Richard Ward, the chief executive of Lloyd's, said its syndicates may have to cut back on the business they underwrite to maintain profitability. Though Lloyd's has gained from the combination of high rates and low claims, its business is cyclical because customers expect their premiums to fall to reflect the lack of claims. That creates a danger of prices falling below the correct level for the risk involved.
"We are seeing rates soften. We don't want to write risks at unprofitable levels to chase market share," Mr Ward said. He added that the recent period of relatively few catastrophes such as hurricanes would inevitably come to an end.
Lloyd's paid out about £200m for last summer's floods in the UK but most of the £5bn bill was footed by retail insurers. The market also took limited hits from European windstorms.
Lloyd's results benefited from a 21 per cent return on its investments in bonds, money market instruments and other assets, as well as releases from reserves set aside for earlier claims. Mr Ward said it would be hard to reproduce last year's investment performance in the current market.

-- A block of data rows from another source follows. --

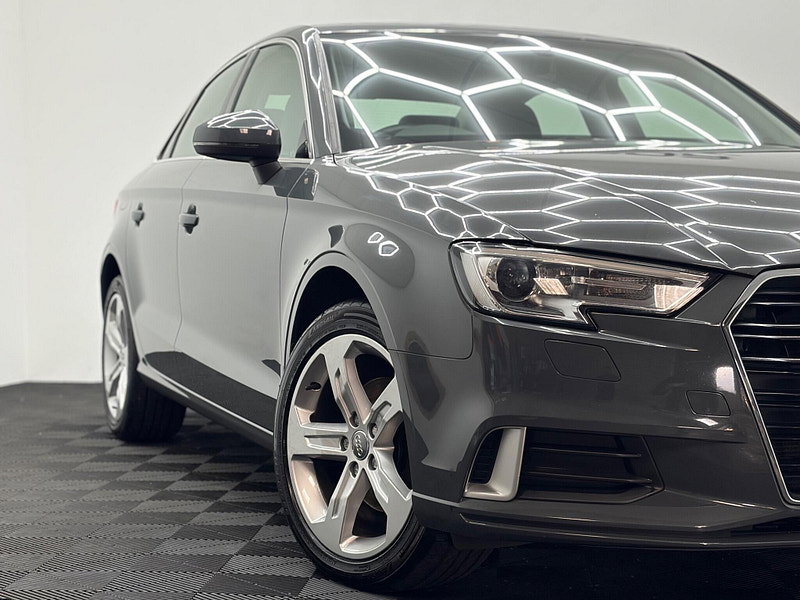 Audi A3 1.6 TDI Sport Euro 6 (s/s) 4dr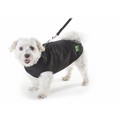 The Hi-Tech Coat with a built-in harness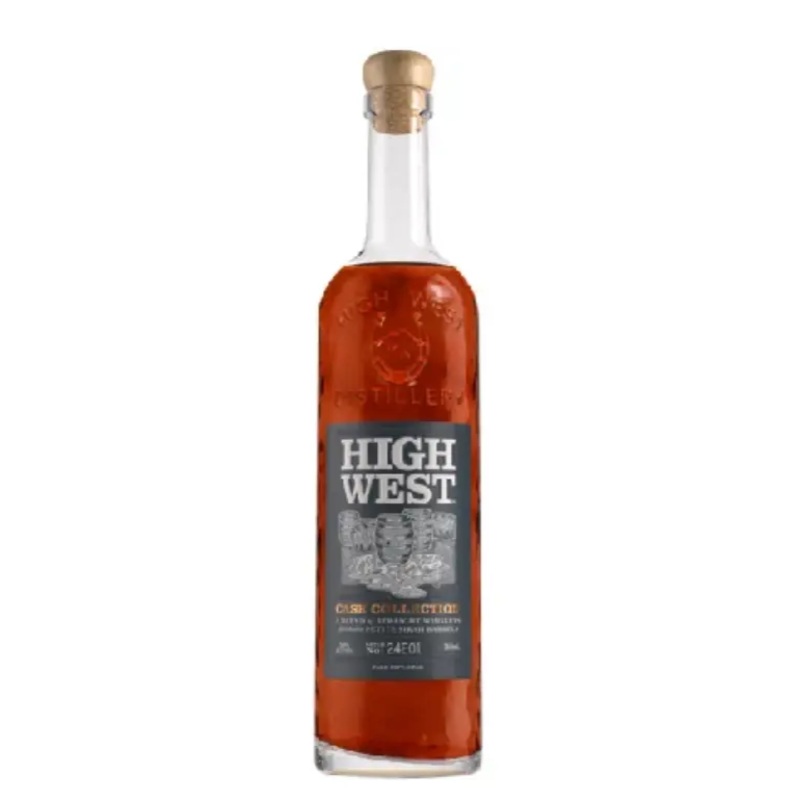 High West Cask Collection Petite Sirah Whiskey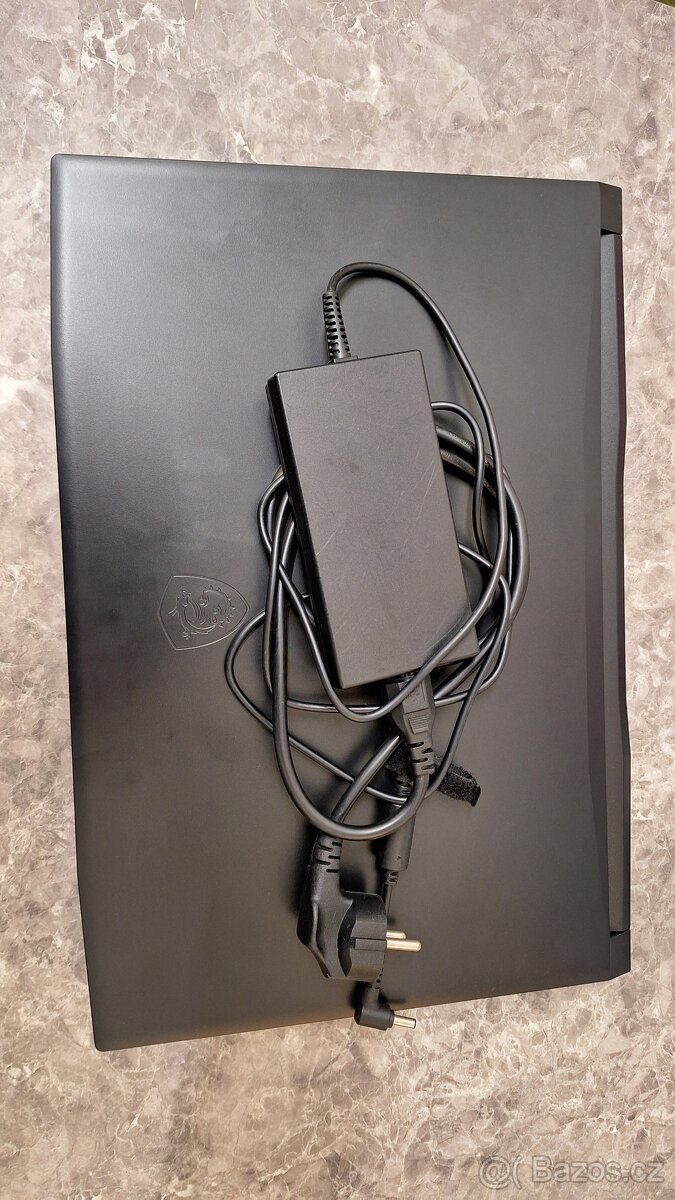 MSI Katana GF76 17,3" display, RTX3050 - 3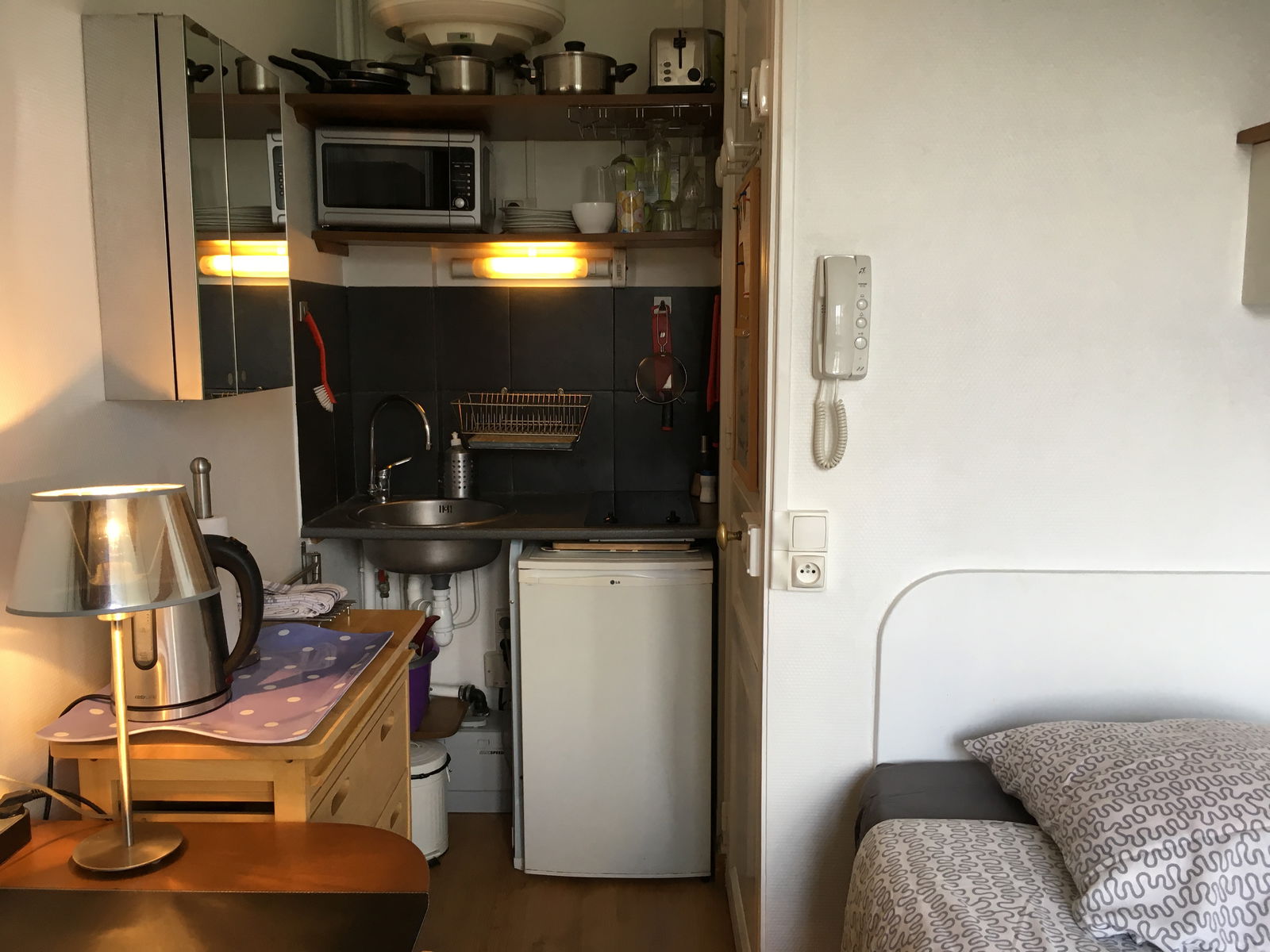 Onofhängeg Studio Reims 205545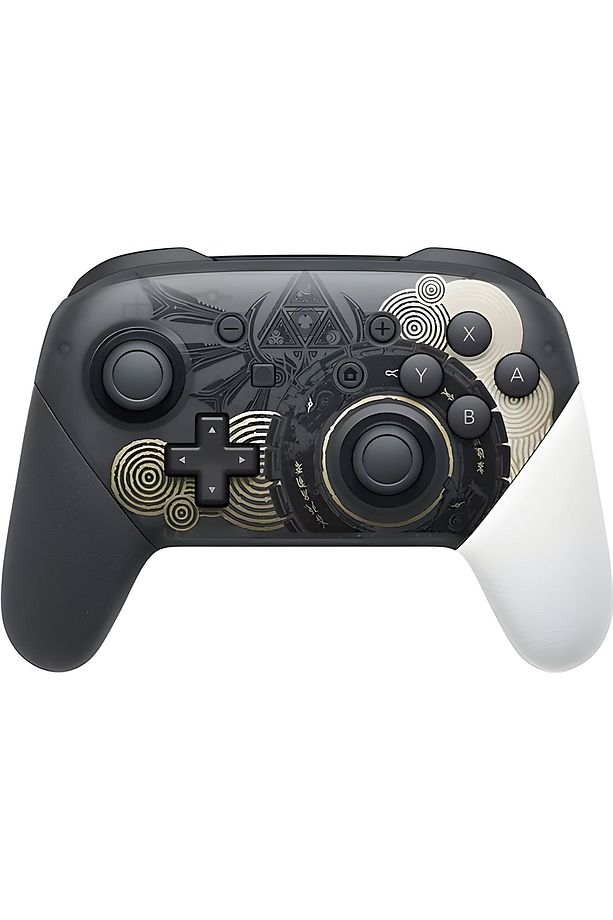 Switch Pro Controller Zelda Edition ( Switch / Switch Lite / Switch Oled Uyumlu ) - 3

Andrew Hubbard, head of insurance services at the accountancy firm Mazars, said Lloyd's performed well but that the underlying results showed the cycle had already turned substantially. "If the back-year releases are ignored the result is actually a reduction from £3.29bn to £2.99bn, indicating that the pure year has not been as good and supporting the view that the market has softened in 2007," he said.
Lloyd's combined ratio, a key performance indicator, weakened to 84 from 83.1 a year earlier. The ratio measures costs and claims as a percentage of premiums.
Mr Ward said Lloyd's had "no exposure" to US sub-prime loans in its asset portfolio but that it would face claims as a result of the credit crunch. Lloyd's insures risks such as company directors' liability and professional indemnity, which could attract lawsuits from angry investors who have lost money in the crisis.
He said Lloyd's had cut back its dealings with financial institutions since the collapse of Enron and WorldCom.